RGC after distal gastrectomy accounts for 1–2% of cases among all gastric cancers in Japan [4, 5]. RGC is rare and is commonly detected at an advanced stage, resulting in low rates of curative resection (38–40%) and consequently, a poor prognosis [6, 7]. In advanced RGC, the incidence of lymph node metastasis is high because the lymphatic vessels have been transected during the initial surgery in the remnant stomach [8]. Specially as stage III and IV RGC has a poor prognosis [6, 7], combination treatment of chemotherapy and surgery is necessary for advanced RGC, but no standard treatment guidelines are available.
Conversion surgery is an option for stage IV gastric cancer when distant metastases are controlled with chemotherapy; however, the feasibility and efficacy of conversion surgery for gastric cancer remain unclear [9]. Among patients undergoing conversion surgery, the presence of one non-curative factor before surgery and performing R0 resection are predictors of a favorable OS [10]. Accordingly, conversion surgery may result in further long-term survival of selected patients [9].
The Japan Clinical Oncology Group (JCOG) 0405 trial was a phase II clinical study of preoperative S-1 plus cisplatin (CDDP) chemotherapy for gastric cancer with PANs and/or bulky lymph node enlargement but no other distant metastases [11]. Gastrectomy with extended lymph node dissection including PAN was performed after S-1/CDDP chemotherapy. A subsequent analysis showed a 5-year survival rate of 52.7% with good prognosis [11]. According to the updated Japanese guidelines on gastric cancer [1], S-1/CDDP chemotherapy is the first-line treatment and the first-level recommendation for HER 2-negative patients. This regimen is highly emetic and requires adequate hydration to prevent renal toxicity [2].
SOX is less toxic and more convenient as the first-line treatment for advanced gastric cancer (G-SOX study), because it does not require forced hydration, unlike CDDP, compared to CS [3]. And SOX is an effective and feasible therapy for elderly patients with advanced gastric cancer and demonstrated favorable efficacy and safety compared with CS [12]; however, the patients who will benefit from conversion surgery after SOX remain unclear.
In this patient, we chose the SOX regimen because the patient was elderly and because the SOX regimen would help protect renal and cardiac function. The recommended dose of chemotherapy was reduced because the patient was elderly and had previously undergone gastrectomy.

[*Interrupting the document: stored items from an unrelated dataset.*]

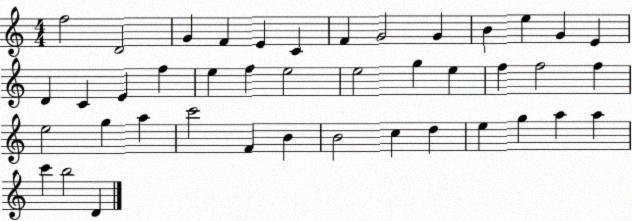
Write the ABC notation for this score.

X:1
T:Untitled
M:4/4
L:1/4
K:C
f2 D2 G F E C F G2 G B e G E D C E f e f e2 e2 g e f f2 f e2 g a c'2 F B B2 c d e g a a c' b2 D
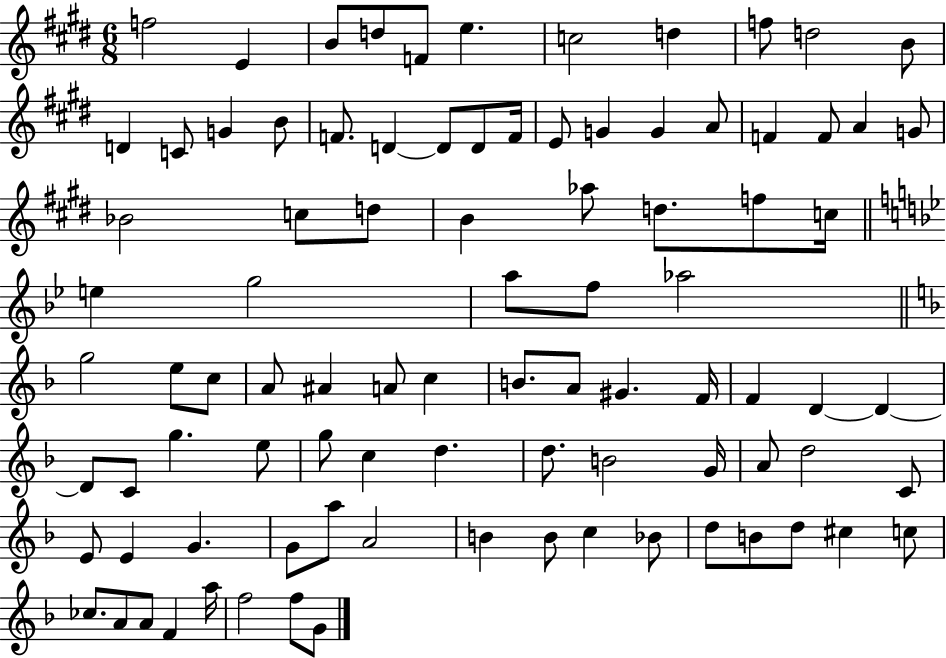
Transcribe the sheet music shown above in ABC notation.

X:1
T:Untitled
M:6/8
L:1/4
K:E
f2 E B/2 d/2 F/2 e c2 d f/2 d2 B/2 D C/2 G B/2 F/2 D D/2 D/2 F/4 E/2 G G A/2 F F/2 A G/2 _B2 c/2 d/2 B _a/2 d/2 f/2 c/4 e g2 a/2 f/2 _a2 g2 e/2 c/2 A/2 ^A A/2 c B/2 A/2 ^G F/4 F D D D/2 C/2 g e/2 g/2 c d d/2 B2 G/4 A/2 d2 C/2 E/2 E G G/2 a/2 A2 B B/2 c _B/2 d/2 B/2 d/2 ^c c/2 _c/2 A/2 A/2 F a/4 f2 f/2 G/2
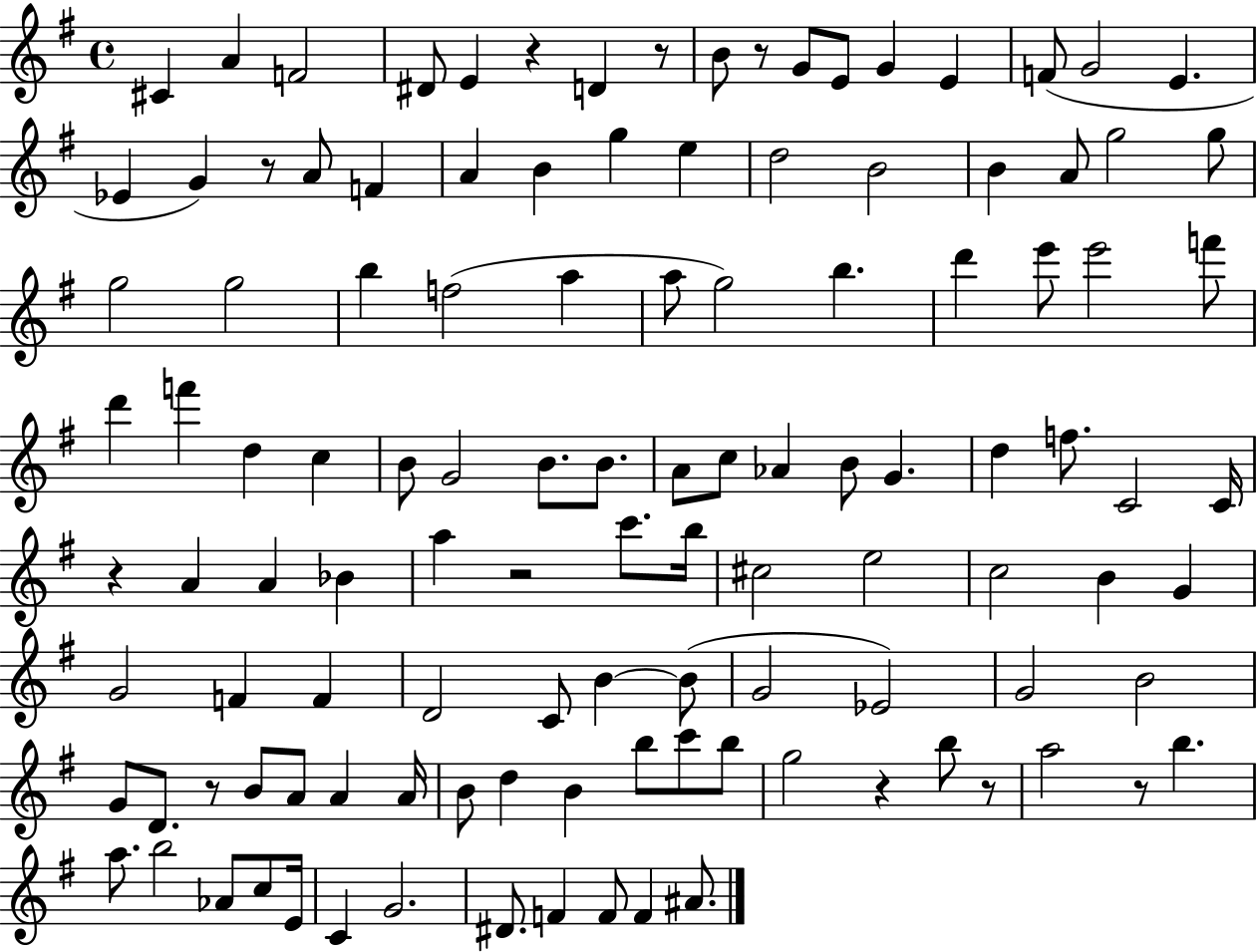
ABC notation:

X:1
T:Untitled
M:4/4
L:1/4
K:G
^C A F2 ^D/2 E z D z/2 B/2 z/2 G/2 E/2 G E F/2 G2 E _E G z/2 A/2 F A B g e d2 B2 B A/2 g2 g/2 g2 g2 b f2 a a/2 g2 b d' e'/2 e'2 f'/2 d' f' d c B/2 G2 B/2 B/2 A/2 c/2 _A B/2 G d f/2 C2 C/4 z A A _B a z2 c'/2 b/4 ^c2 e2 c2 B G G2 F F D2 C/2 B B/2 G2 _E2 G2 B2 G/2 D/2 z/2 B/2 A/2 A A/4 B/2 d B b/2 c'/2 b/2 g2 z b/2 z/2 a2 z/2 b a/2 b2 _A/2 c/2 E/4 C G2 ^D/2 F F/2 F ^A/2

CT revealed that PANs had decreased in size. Hence, we diagnosed that the patient achieved a partial response, but as the pathological specimens showed no cancer cells, we believed that the patient had experienced a complete pathological response. This case could not be diagnosed as a complete clinical response because the lymph node metastasis had not completely disappeared on CT, even after three courses of chemotherapy; however, the resected specimen demonstrated a complete pathological response. Thus, a complete response may be difficult for gastric cancer despite chemotherapy. Therefore, conversion therapy may be required to perform resection considering the preoperative diagnosis of metastasis.
While there have been reports of a complete pathological response after chemotherapy with CDDP, a complete pathological response after SOX chemotherapy is rare. This is the first case of advanced gastric cancer that was treated with total remnant gastrectomy after SOX chemotherapy. Thus, preoperative SOX with surgery might be an effective treatment strategy for gastric cancer with PAN metastasis.
In conclusion, we encountered a patient with advanced RGC with giant PAN who showed a complete pathological response and favorable outcome after SOX chemotherapy. The findings of this case suggest that conversion therapy with SOX chemotherapy may be one of the treatments that may result in long-term survival of patients with unresectable gastric cancer.